It is quite otherwise, however, when we consider the probable influence of the Egyptian residence upon the Hebrews themselves. What they may have been, before going to Egypt, is only inferential; but there is no reason to suppose that they were other than an uncultivated, partially civilised, nomadic race. The contact with the high civilisation of the Egyptians may have had upon them some such effect as the contact with the Romans had in later times upon the barbaric German hordes. In any event it is notable that the Hebrews after their migration, and throughout the period of their subsequent history, were firmly imbued with some essentially Egyptian ideas. They alone, of ancient people other than the Egyptians, practised a circumcision. It is at least an open question whether the Hebrew belief in the immortality of the soul was not gained through contact with the people of the Nile. This entire subject, however, is too new and too deeply hedged in by prejudice and preconception, to be susceptible of full and satisfactory handling at the present time. Fortunately, the main facts of Hebrew political history may be discussed with greater certitude.
After leaving Egypt, the Hebrews settled in the region of the Jordan, and entered upon a localised national existence. But for several centuries they made too small a mark to be remembered otherwise than by vague tradition; and even at their best, they cut no very large figure in the scheme of political news in the ancient world. There was but one period when they attempted, with any measure of success, to rival their powerful neighbours. This was the brief period when David and his son Solomon occupied the throne. The wars of David, if not so extensive as those of some of his contemporaries, have left no less sanguinary records of pillage and plunder than the records of other oriental conquests; and Solomon, under whose government the kingdom reached its apex of political glory, so far succeeded in vying with other kings, that his name became a byword of magnificence to later generations, though it probably did not dazzle his contemporaries. If the national tendency toward exaggeration has not played false to the facts, Solomon established a record, in one regard at least, that has not been equalled to this day: his harem of a thousand wives and concubines has no historical counterpart.
Yet after all the Hebrew monarchy, in its golden age, must have seemed a petty state as viewed from the contemporary standpoint of the Egyptians, Babylonians, Assyrians, and, perhaps, even the Hittites. The absence of contemporary references is sufficient evidence of this fact.

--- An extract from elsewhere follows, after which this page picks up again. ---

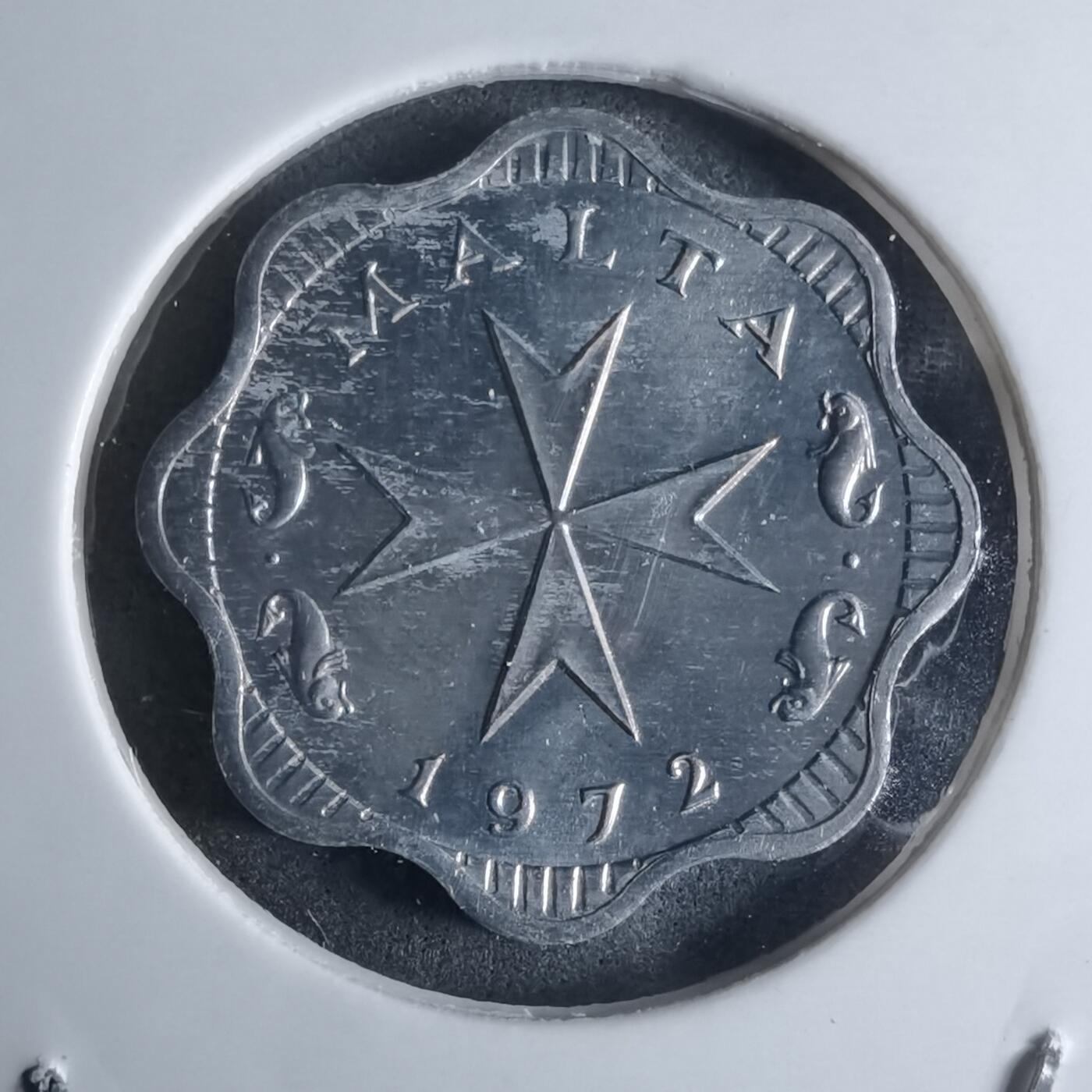 沼泽如烟--第924场 马耳他1972年2米尔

And after the death of Solomon almost every vestige of world-historical importance vanished from the divided Hebrew nation. The weak and senescent people, whose whole time of glory had compassed but two brief generations, was from this time on to struggle for national existence, with no thought of conquest; it asked only that it might be allowed to live. And this boon was vouchsafed, despite vicissitudes of fortune that would have pressed out the very life of almost any other nation.

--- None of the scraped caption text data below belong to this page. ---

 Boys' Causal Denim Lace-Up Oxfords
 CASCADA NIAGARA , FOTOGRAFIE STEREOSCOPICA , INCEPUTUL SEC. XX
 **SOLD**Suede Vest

The Assyrians and the Babylonians repeatedly put the Israelites to the sword; yet that conquered people maintained its integrity long after these persecutors had ceased to have national existence. In one sense, this time of decline had greater importance than any other period that preceded it, because its vicissitudes gave rise to that impassioned poetry of denunciation which remained, and will always remain, the chief glory of Hebrew history. Thanks largely to this poetry, the Hebrews first began to have a truly world-historical importance some centuries after the Romans effected their final dispersion. All through their life as an autonomist nation they vainly strove to vie with their neighbours in royal power, looking out upon other peoples jealously, and accepting their own insignificance with angry protest. Yet by a strange irony of fortune the despised Hebrew was to be chiefly responsible for preserving the memory of his more glorious contemporaries. For two thousand years the swords of the Assyrians and Babylonians were remembered chiefly because the stylus of the Hebrew scribe had told of their prowess.
OUR SOURCES
A little over half a century ago James Ferguson, the historian of architecture, commented on the lack of Hebrew records as follows:
“It is one of the peculiarities of the Jewish history, and certainly not one of the least singular, that all we know of them is derived from their written books. Not one monument, not one sculptured stone, not one letter of an inscription, not even a potsherd, remains to witness by a material fact the existence of the Jewish kingdom. No museum ever possessed a Jewish antiquity, while Egypt, Assyria, Greece, and all the surrounding countries teem with material evidence of former greatness, and of the people that once inhabited them.”